Bung Karno : “Sumbangan dan pengorbanan PKI besar sekali!”


Berikut di bawah ini disajikan cuplikan dari sebagian pidato Presiden Sukarno di depan rapat umum Front Nasional di Istora Senayan Jakarta, tanggal 13 Februari 1966.. Pidatonya ini diucapkannya 4 bulan sesudah terjadinya G30S, ketika Angkatan Darat di bawah pimpinan Suharto sudah mulai secara besar-besaran membunuhi, atau menangkapi, atau menyiksa para pemimpin PKI dan tokoh-tokoh berbagai organisasi masa (antara lain : buruh, tani, nelayan, pegawai negeri, wanita, mahasiswa, pelajar, intelektual, seniman) di seluruh Indonesia.
Agaknya, patut dicatat bahwa pidato Bung Karno di depan rapat umum Front Nasional ini diucapkannya ketika golongan militer di bawah pimpinan Suharto-Nasution sudah terang-terangan mulai melakukan “kudeta merangkak” secara bertahap dan juga merongrong atau merusak kewibawaannya. 

Cuplikan sebagian pidatonya ini, diambil dari buku “Revolusi Belum Selesai” halaman 422, 423 , 424, dan 425 Buku “Revolusi Belum Selesai” tersebut terdiri dari 2 jilid, dan berisi lebih dari 100 pidato-pidato Bung Karno, yang diucapkannya di berbagai kesempatan sesudah terjadinya G30S sampai pidatonya tentang Nawaksara 10 Januari 1967. Karena sesudah terjadinya G30S, boleh dikatakan bahwa semua media massa (pers, majalah, TV dan radio ) dikuasai atau dikontrol keras Angkatan Darat, maka banyak sekali (atau hampir semua) pidato-pidato Bung Karno di-black out atau diselewengkan atau dimanipulasi., sehingga tidak diketahui oleh umum secara selayaknya. 
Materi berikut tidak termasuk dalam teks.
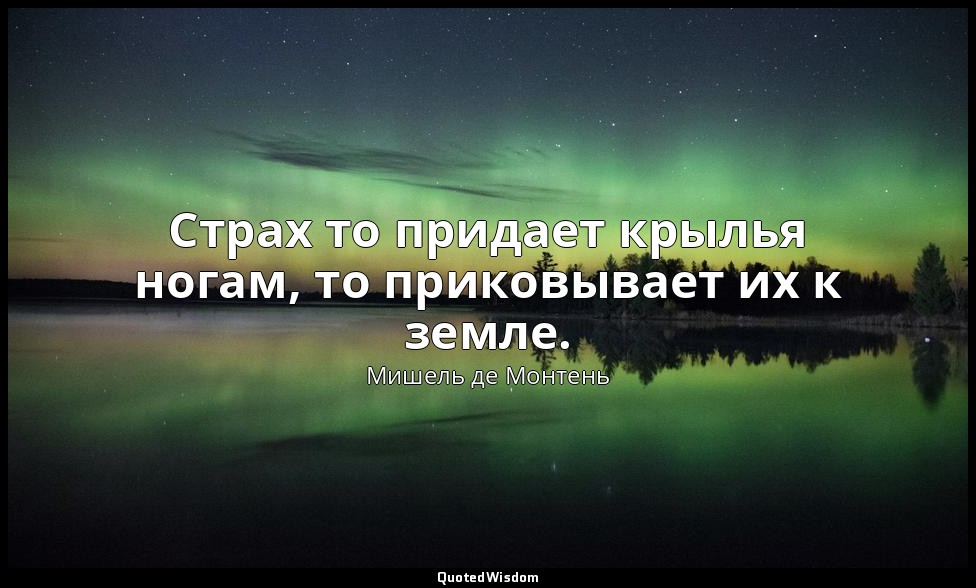 Страх то придает крылья ногам, то приковывает их к земле. — Мишель де Монтень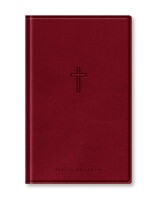Bíblia slim NAA - vinho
Isi buku “Revolusi belum selesai “ ini menyajikan berbagai hal penting yang berkaitan dengan fikiran atau pandangan Bung Karno tentang perlunya persatuan revolusioner bangsa Indonesia dalam mencapai masyarakat adil dan makmur atau sosialisme à la Indonesia, menentang imperialisme AS, melawan neo-kolonialisme dalam segala bentuknya, menjaga persatuan bangsa dan kesatuan Republik Indonesia dan juga mengenai G30S. Karena itu, di samping buku “Di bawah Bendera Revolusi” yang juga merupakan kumpulan tulisan dan pidato-pidatonya selama perjuangannya sejak muda, maka buku “Revolusi Belum Selesai” merupakan dokumen sejarah Indonesia yang amat penting untuk dijadikan khasanah bangsa Indonesia. 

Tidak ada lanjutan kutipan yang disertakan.